# PROBLEM
Taking the data below, please print only the lines from the line holding "Cover: Accounting Information" to the line holding "Relaxfauteuil TW—Ultra", inclusive, with pictures omitted.
Top of EXTRACTED DATA
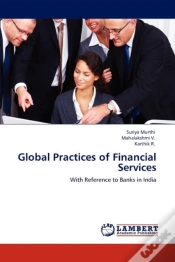 Capa do artigo Global Practices Of Financial Services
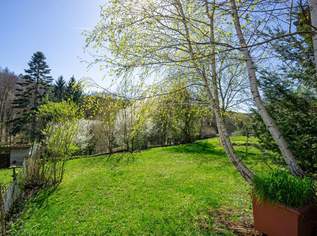 Malerischer Baugrund mit Grünlandanteil in Süd-Ruhelage am Riederberg, 230000 €, Immobilien-Grund und Boden in 3004 Riederberg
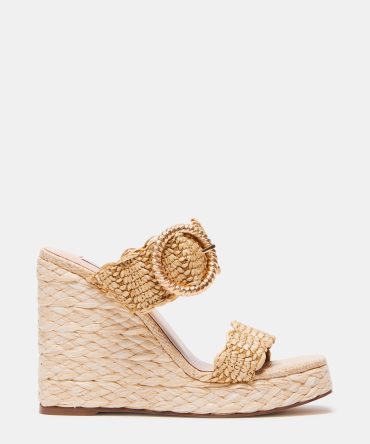 ANTIQUE RAFFIA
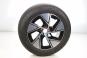 Pack jantes alu et pneus CONTI/EcoContact6Q 5 trous, Aero  - Image 5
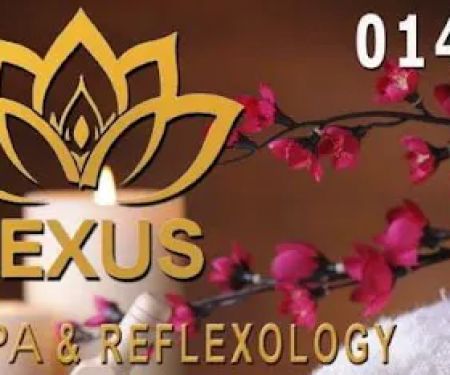 Lexus Thai Spa & Reflexology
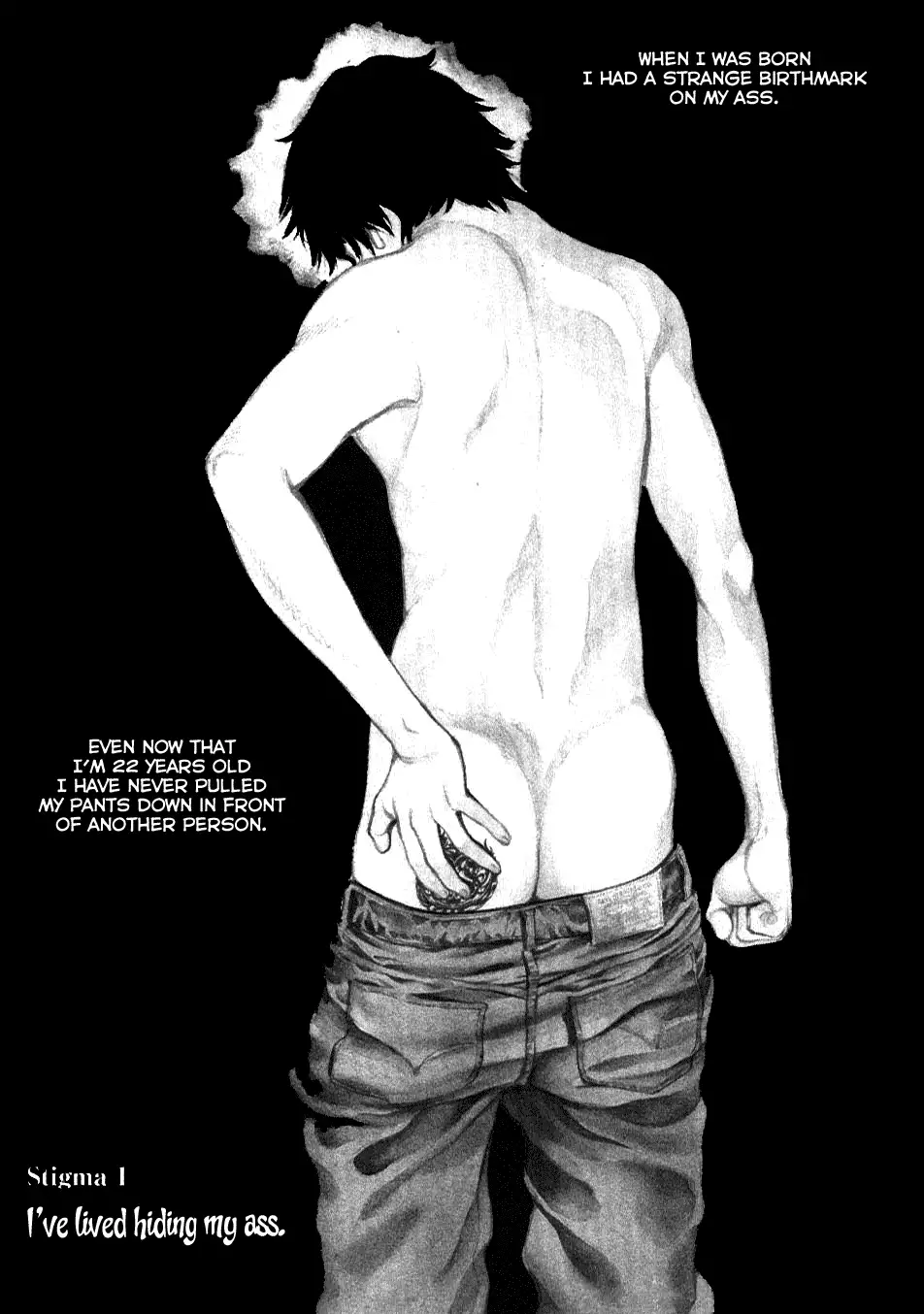 Kono S o, Mi yo! – Cupid no Itazura Chapter 1 Page 5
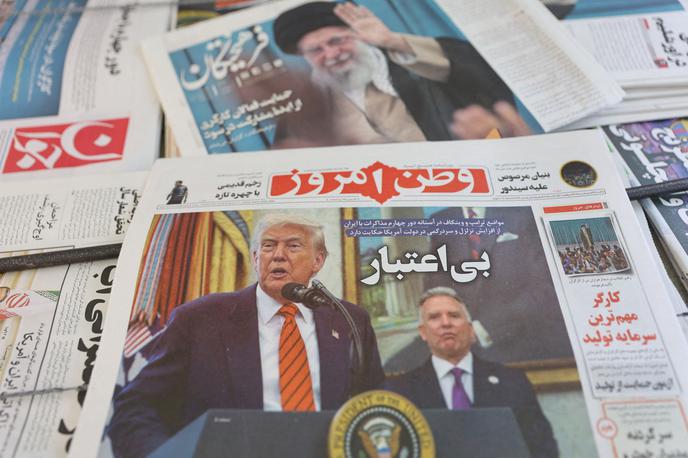 Oman | Foto Reuters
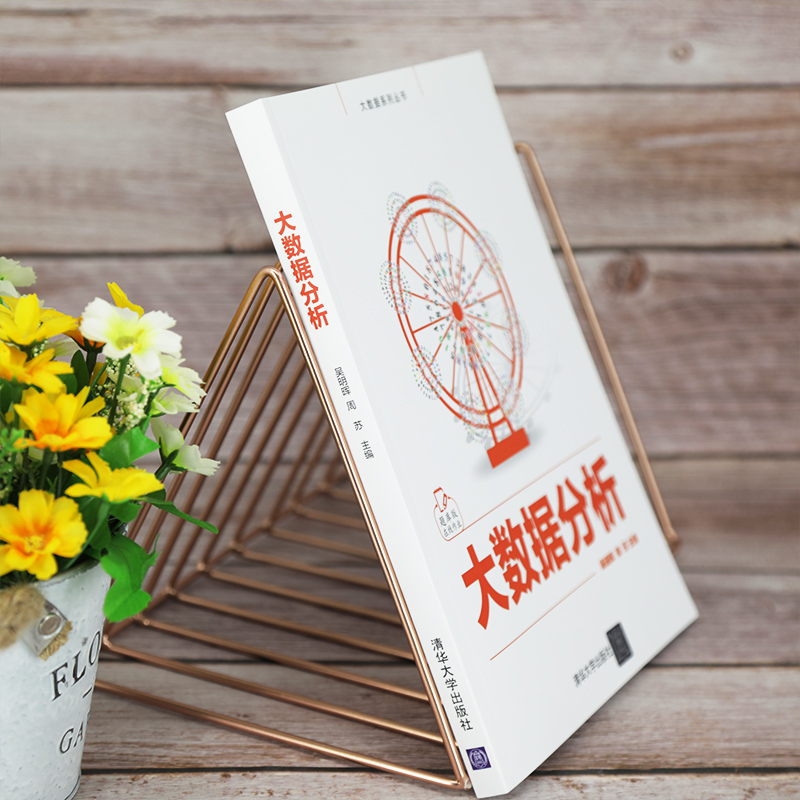 大数据分析详情图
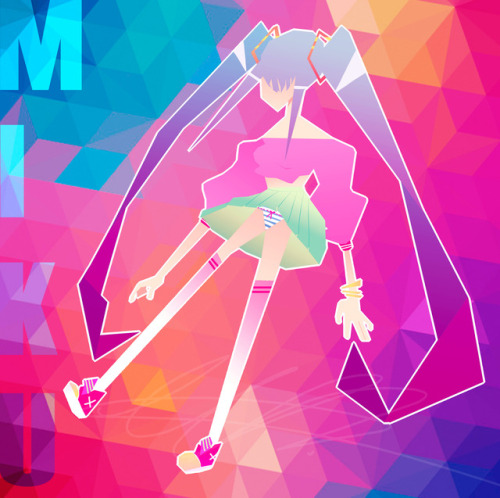 ikokoblr:                                                       M I K U -KOKO 
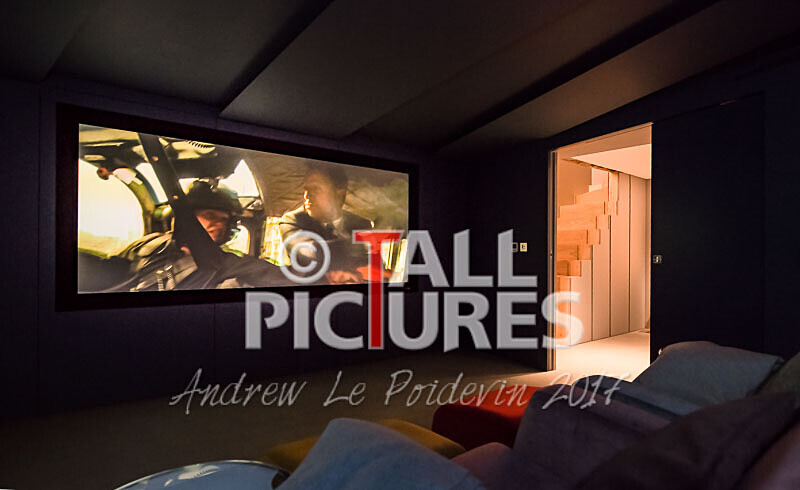 Avolution_St James Place-24 - BASEMENT CINEMA WITH CUSTOM LIGHTING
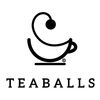 Teaballs GmbH logo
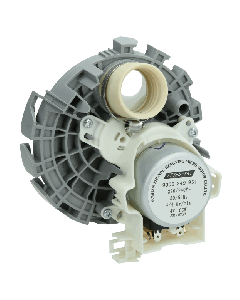 00644996 Dishwasher Alternating Valve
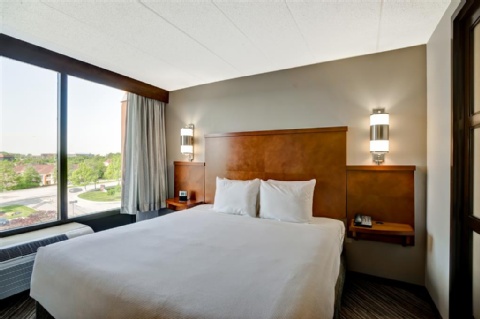 Hyatt Place Baltimore/BWI Airport , MD 21090 near Baltimore-washington International Thurgood Marshall Airport View Point 25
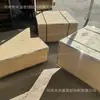 Placa Compuesta de Grafito Resistente a Altas Temperaturas y a la Corrosión, Material de Sellado Conductor y Térmicamente Conductor, Acero al Carbono/304/316L y Otros Materiales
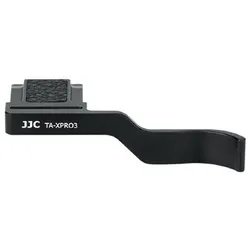 JJC TA XPRO3 Daumen hoch Griff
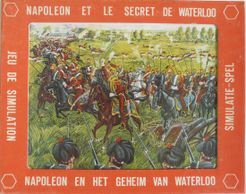 Napoleon et le secret de Waterloo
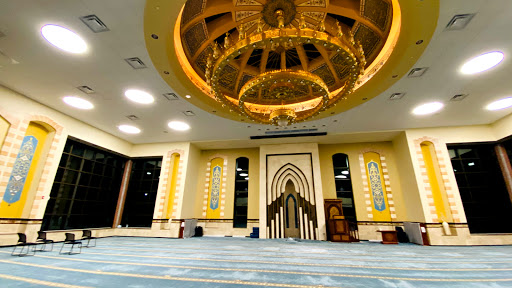 Community Center «The Mecca Center», reviews and photos, 16W560 91st St, Willowbrook, IL 60527, USA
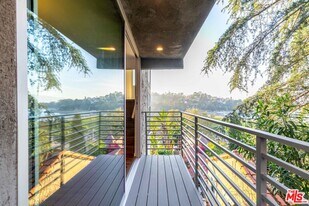1856 Silverwood Terrace in Los Angeles, CA - Building Photo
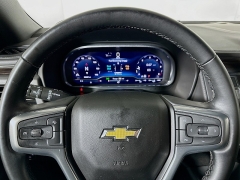 Used 2024  Chevrolet Tahoe 4WD 4dr LT at Dutro Auto near Zanesville, OH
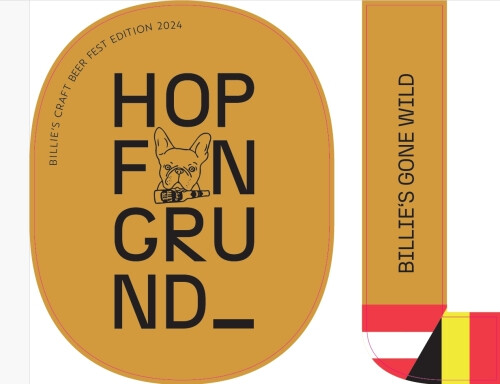 Hopfengrund_ Billie's Gone Wild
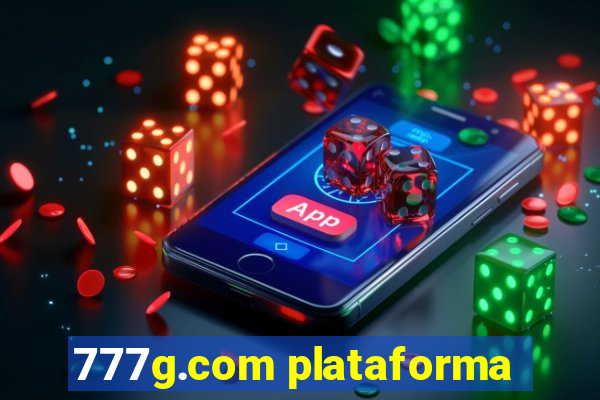 777g.com plataforma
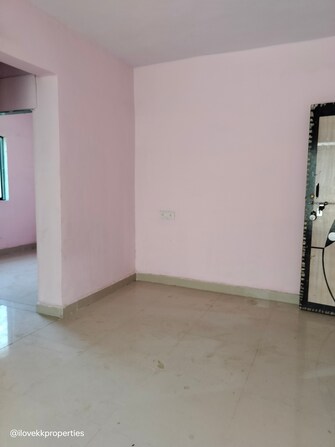 1 BHK Apartment For Resale in Chandika Park Apartment Naigaon East Palghar  7766297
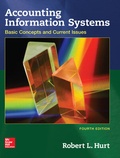 Cover: Accounting Information Systems - McGraw-Hill Inc.,US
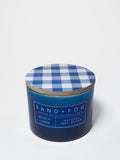 Premium Beach Linen 12 oz scented candle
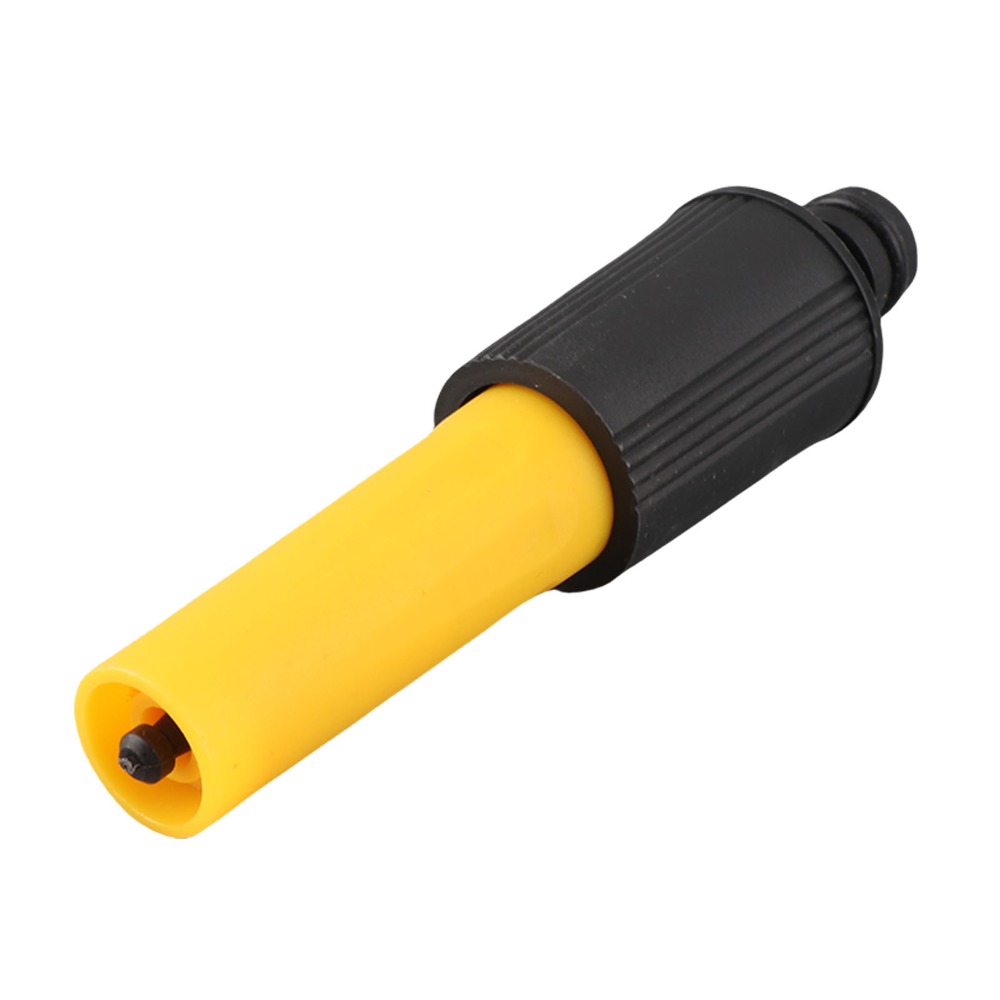 5 szt. plastikowych dysz do wę – Gardening Tools Yellow recenzja i cena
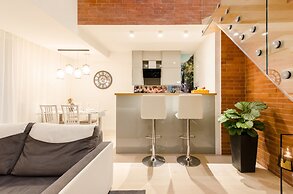 Old Town Premium Apartments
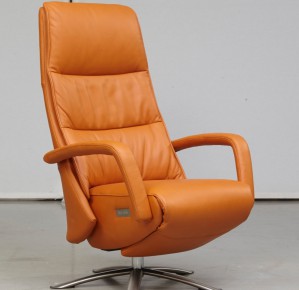 Relaxfauteuil TW—Ultra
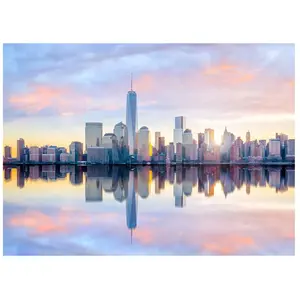 A.S. CREATIONS Architects Paper SKYLINE NEW YORKVendu pararchiproducts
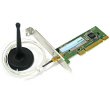 NETmate 54Mbps���� PCI ��ī�� 802.11g 54Mbps Wireless PCI Card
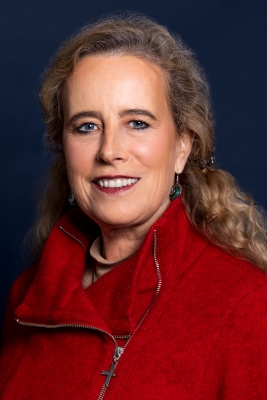 Janine Ahlers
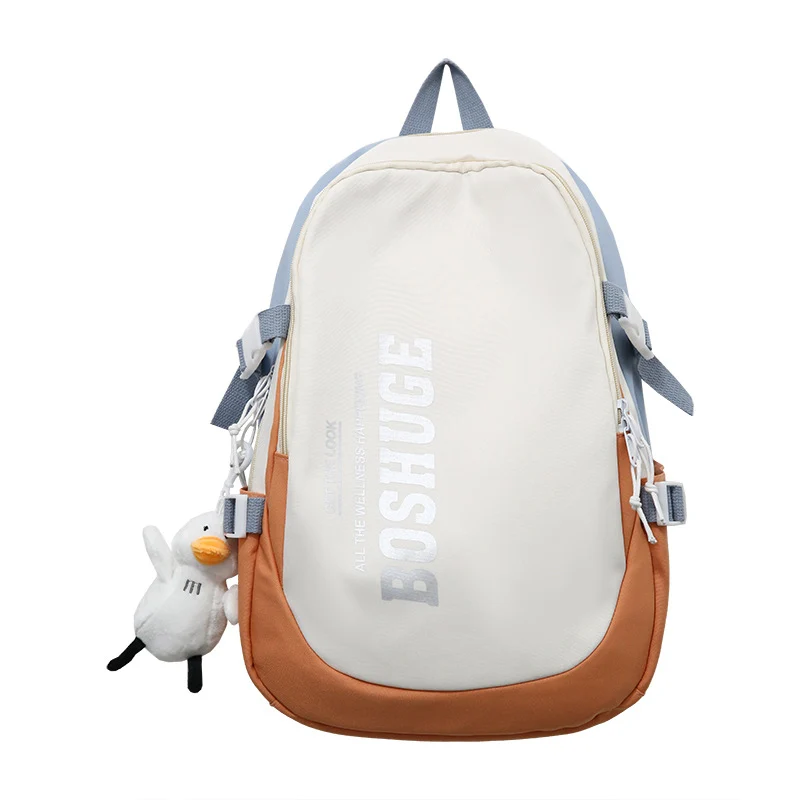 Stylish Casual Backpack Stornfield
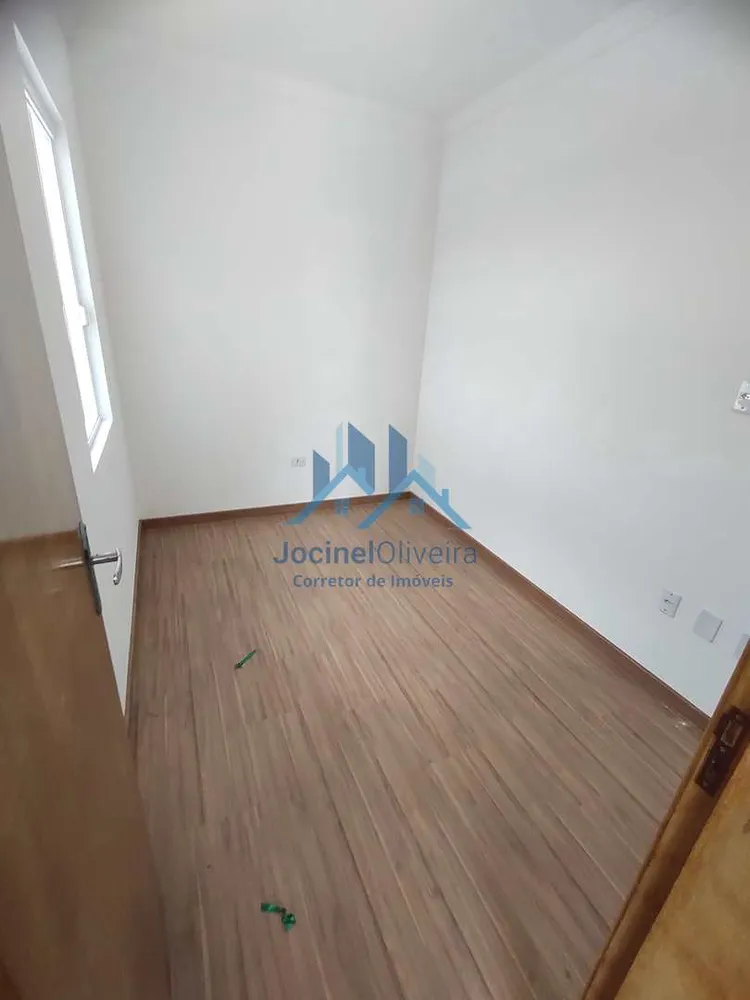 Sobrado, 2 quartos, 63 m² - Foto 12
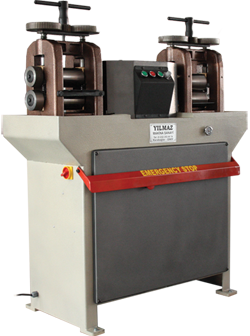 PWF160 tel astar Silindirler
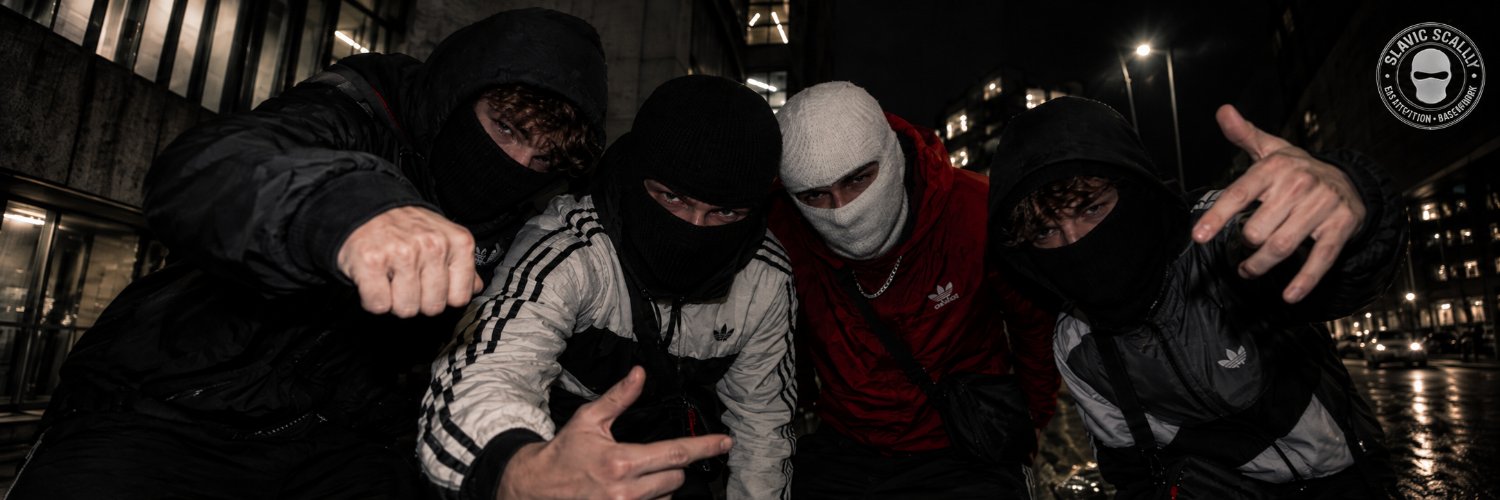 Slavic Scally 🇷🇺's banner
Bottom of EXTRACTED DATA
# RESULT
 Cover: Accounting Information Systems - McGraw-Hill Inc.,US
 Premium Beach Linen 12 oz scented candle
 5 szt. plastikowych dysz do wę – Gardening Tools Yellow recenzja i cena
 Old Town Premium Apartments
 Relaxfauteuil TW—Ultra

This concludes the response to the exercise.